▶ **Source records**:
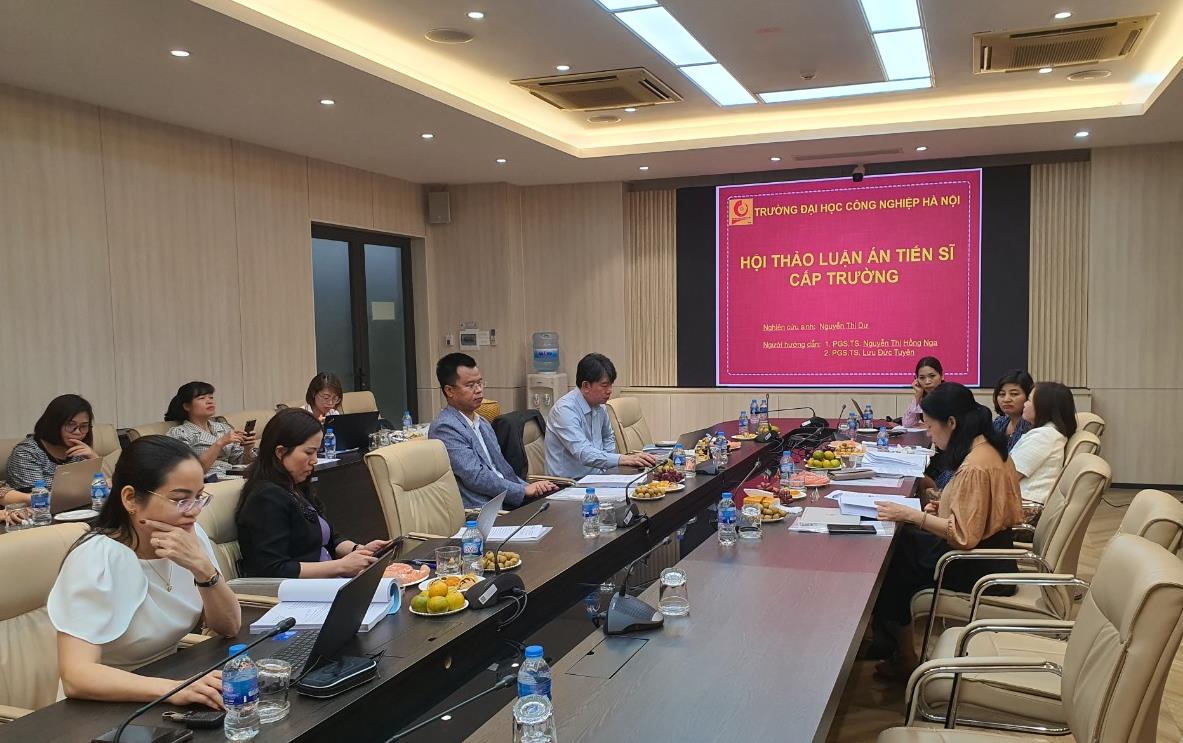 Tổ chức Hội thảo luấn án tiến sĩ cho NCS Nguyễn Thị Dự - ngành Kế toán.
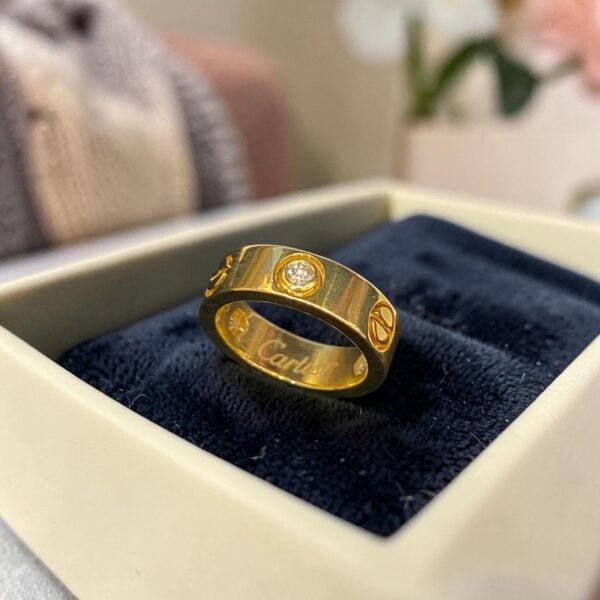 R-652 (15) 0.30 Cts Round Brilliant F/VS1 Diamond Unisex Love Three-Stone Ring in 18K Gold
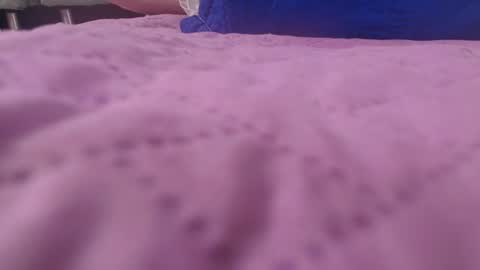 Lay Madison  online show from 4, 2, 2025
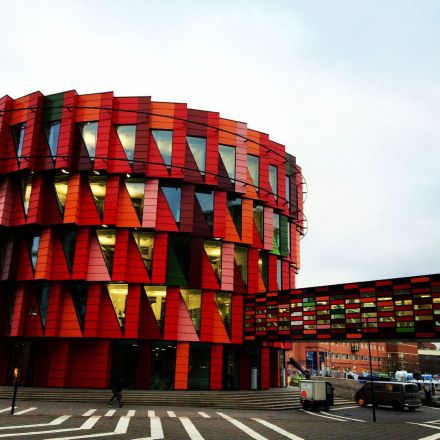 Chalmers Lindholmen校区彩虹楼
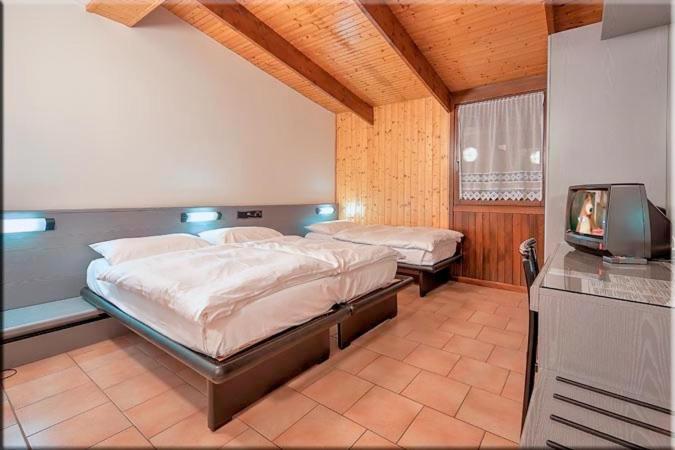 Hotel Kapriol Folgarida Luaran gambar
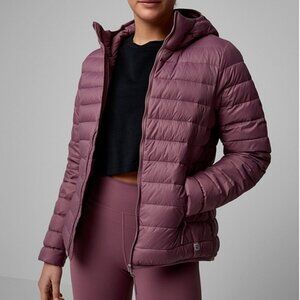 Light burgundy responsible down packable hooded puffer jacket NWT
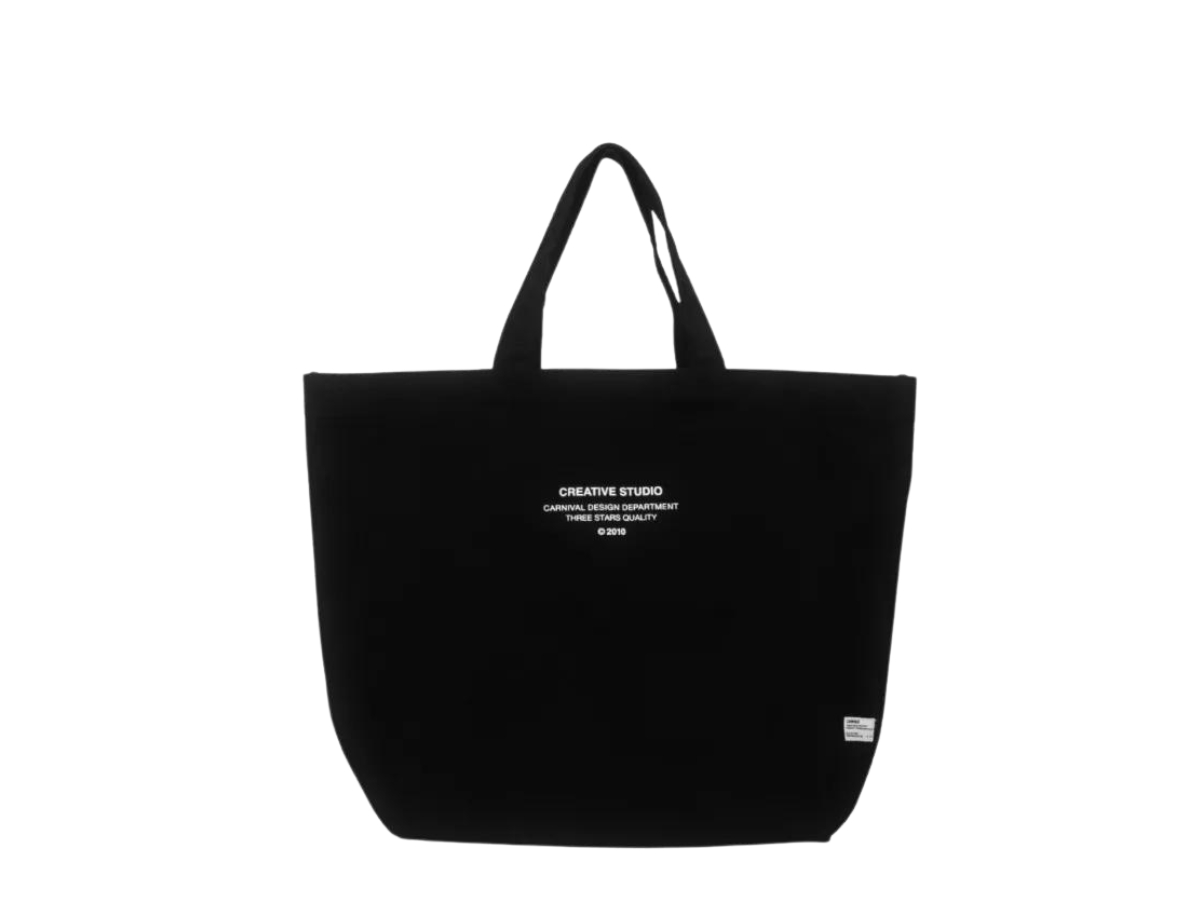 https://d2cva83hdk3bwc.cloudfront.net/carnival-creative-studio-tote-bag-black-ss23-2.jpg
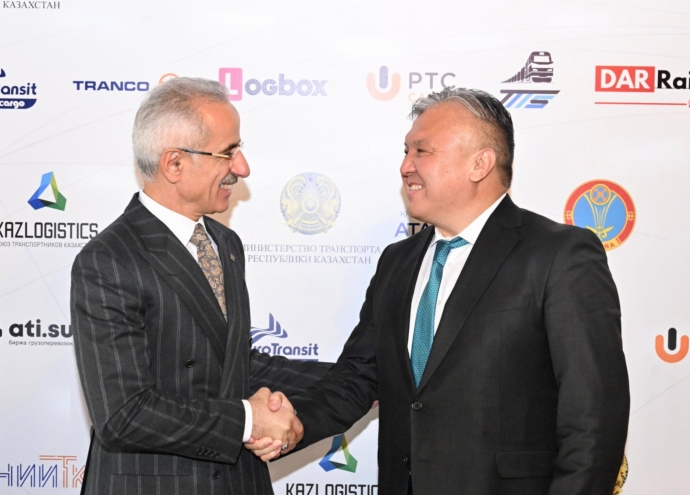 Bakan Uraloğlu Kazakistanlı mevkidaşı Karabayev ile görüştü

▶ **Problem**: I would like the material above returned exactly as it stands, without its pictures.

▶ **Exercise response**:
 Tổ chức Hội thảo luấn án tiến sĩ cho NCS Nguyễn Thị Dự - ngành Kế toán.
 R-652 (15) 0.30 Cts Round Brilliant F/VS1 Diamond Unisex Love Three-Stone Ring in 18K Gold
 Lay Madison  online show from 4, 2, 2025
 Chalmers Lindholmen校区彩虹楼
 Hotel Kapriol Folgarida Luaran gambar
 Light burgundy responsible down packable hooded puffer jacket NWT
 https://d2cva83hdk3bwc.cloudfront.net/carnival-creative-studio-tote-bag-black-ss23-2.jpg
 Bakan Uraloğlu Kazakistanlı mevkidaşı Karabayev ile görüştü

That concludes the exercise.